In our day to day lives, we treat weight and mass as the same. This is evident to me when I look at my kitchen scale every morning. One of the settings allows you to measure everything in grams. This is funny because the gram is a measure of mass not weight and yet I am weighing not massing my dog’s food in the morning. Even stranger is that if I were to take my scale to the moon with the same amount of food on Earth it would weigh a different amount, but its mass wouldn’t change. So what is mass and how is it different from weight?

Mass Versus Weight

Mass (kg) refers to the amount of matter something contains. My dog’s food contains that same amount of matter on Earth and on the Moon. Basically, if I look at the food here on Earth and on the Moon it would look the same. Even if I managed to pulverize the food and compress it into a block it would still have the same mass. Sure the form is different but the amount of matter present is still the same if I could tally all of the molecules present I would find the same number on Earth as on the moon.

Weight (N) on the other hand refers to the force something with mass exerts as a result of gravity and other competing forces. Therefore food exerts a smaller force on my scale because the gravity of the moon is far less than the gravity of Earth. Not because the mass of the food changed.

[latexpage]
\[
Weight=mass\times gravity
\]

This is where the confusion between weight and mass arises because on Earth gravity is consistent and our scales are calibrated to this gravity. When I weigh something on a scale it actually converts the force it receives into a mass using Earth’s gravitational acceleration of 9.8m/s2.

[latexpage]
\[
Mass = \frac{Weight}{Gravity}
\]
or
\[
Mass = \frac{Weight}{9.8\frac{m}{s^2}}
\]

Where our scales go wrong is not calibrating to the difference in gravity between the Earth and the moon. Thus it appears incorrectly as though the mass of our object on the moon is in fact less even though it hasn’t changed.

Changing Weight

Here we have seen one of the factors that can change the weight of an object, the gravity acting on that object. Additionally other forces such as the buoyant force of fluids which counteracts gravity or the additional force of an elevator accelerating upwards. Basically, any force with or against gravity will change the weight of our object.

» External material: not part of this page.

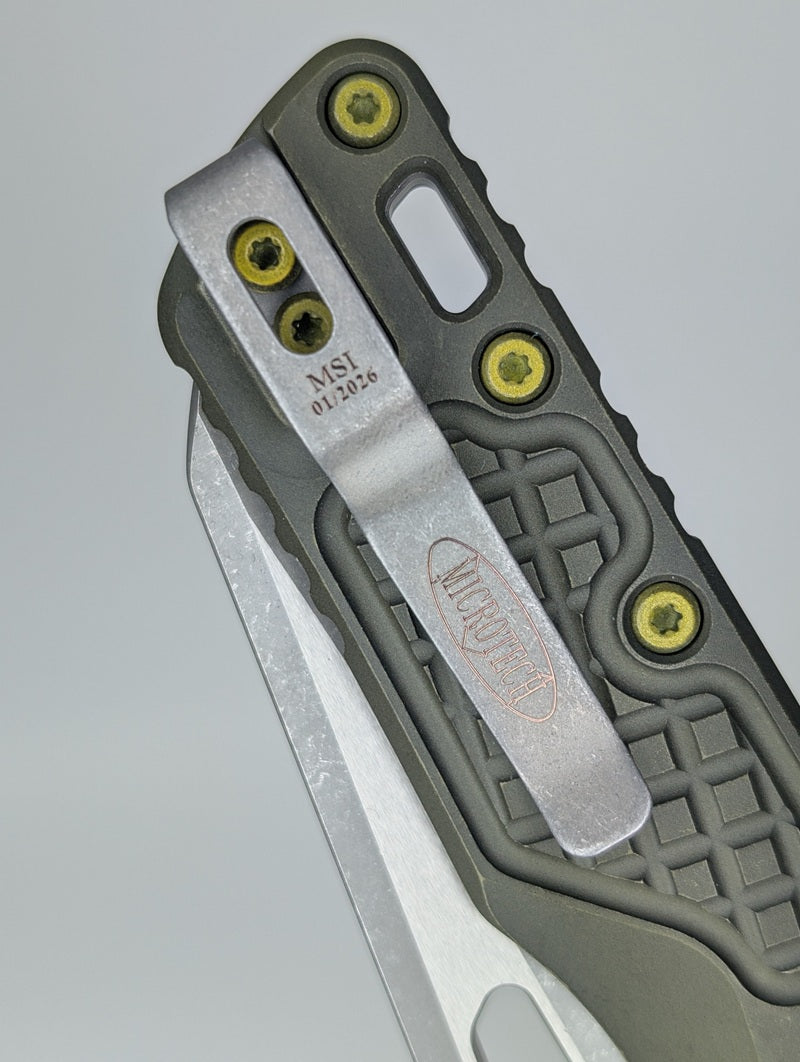 Microtech MSI S/E Frag Distressed Grenade Green Apocalyptic RAM-LOK Folding Knife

Ultimately, this point is the most important takeaway from the difference between weight and mass. That the weight of an object is dependent not only on the mass of the object but also the other forces acting on that object. This is one of the few ways the MCAT brings up the distinction between mass and weight. We will continue to explore this phenomenon later when we discuss fluids as well as forces. So you will have more opportunities to see this concept in action in the context of other content material.

Center of Mass

Another more commonly tested concept is the idea of center of mass. Center of mass refers to exactly what it sounds where the mass of an object is centered. Specifically, a single point where we can consider all of the mass to exist. This is all a bit circular though so let’s explore this concept by thinking about a couple of real-world examples. First up we will consider a solid metal ball.

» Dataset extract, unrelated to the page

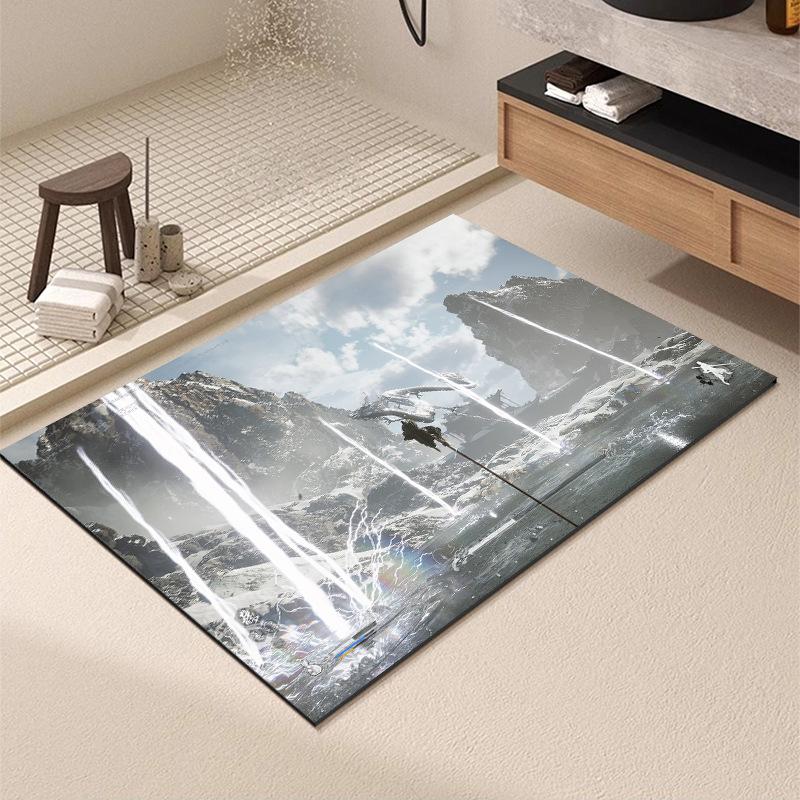 Washable Wear-resistant Diatom Mud Floor Mats Bathroom Anti-slip Mats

Since this solid metal ball is of uniform shape and uniform density the center of mass will be located at the very center of the ball. If we change the shape of this ball by attaching a metal rod to it. We will shift the center of mass of the new object towards the added mass (i.e the rod).

Now let’s think about how this applies to people. Let’s imagine you are walking calmly and confidently on a tightrope across a gaping chasm. In this case, your center of mass is over the tightrope and thus you are able to walk across it perfectly balanced.

However, if you shift your weight to the right of the tightrope a bit you will lose your balance and fall towards that side. Instinctively we usually thrust out our opposite leg moving more of our weight away from our current center of mass in order to shift it back over the “stable” tightrope.

We don’t need to know how to calculate the center of mass of objects as it is fairly complicated and depends on a great number of factors such as the distance, density, shape, and mass of our object.